Bayesian phylogeny of the intergenic glpA-fdhA region among V. fischeri isolates. The topology was generated as described for Fig. 3, and the statistical support values given at each node were calculated and are placed in order as for Fig. 3. The tree was rooted with the corresponding sequence from V. salmonicida LFI1238. Bar, 0.01 substitutions per site. This reconstruction's low resolution is a result of low sequence diversity among isolates.

FIG. 5.

Bayesian phylogeny of concatenated recA-katA-mdh sequences among V. fischeri isolates. The topology was generated as described for Fig. 3, and the statistical support values given at each node were calculated and placed in order as for Fig. 3. The tree was rooted with the corresponding sequences from V. salmonicida LFI1238. Bars, 0.1 substitutions per site; the V. fischeri clade was expanded in order to more easily view fine-scale topological resolution among all isolates.

FIG. 6.

Activity of lux promoter reporters. The β-galactosidase activities (in Miller units) from specific P_luxI-lacZ and P_luxR-lacZ constructs are shown for reporters carried in V. fischeri strains ES114 (gray), H905 (black), and WHI (open) as well as in E. coli DH5α (hatched lines). The luminescence class of the V. fischeri strains (Table 1) is indicated in parentheses as NV, V, or HV. (A and B) The strain(s) corresponding to the promoter sequence in P_luxI-lacZ and P_luxR-lacZ constructs, respectively, and these are arranged (left to right) in the same order as the strains shown in Fig. 3 (top to bottom). (C and D) Reporter activity is plotted as a function of the luminescence of the source strain(s) for P_luxI-lacZ and P_luxR-lacZ promoters, respectively.

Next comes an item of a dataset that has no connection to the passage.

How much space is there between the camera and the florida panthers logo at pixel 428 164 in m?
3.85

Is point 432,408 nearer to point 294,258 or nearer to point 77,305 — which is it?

Data from different experiments with treatments in common and with similar results were pooled, and averages are reported (panels A and B also show standard errors [n = 3]).

FIG. 7.

Exchanging a short stretch of the luxI-luxR intergenic region between ES114 and MJ1S largely reverses their relative brightness. Luminescence per OD₅₉₅ unit is shown for cultures of ES114, JB3, MJ1S, and JB7 grown in SWTO broth at 24°C with shaking (200 rpm). Data are the average peak luminescence levels per OD₅₉₅ unit, with standard errors (n = 2).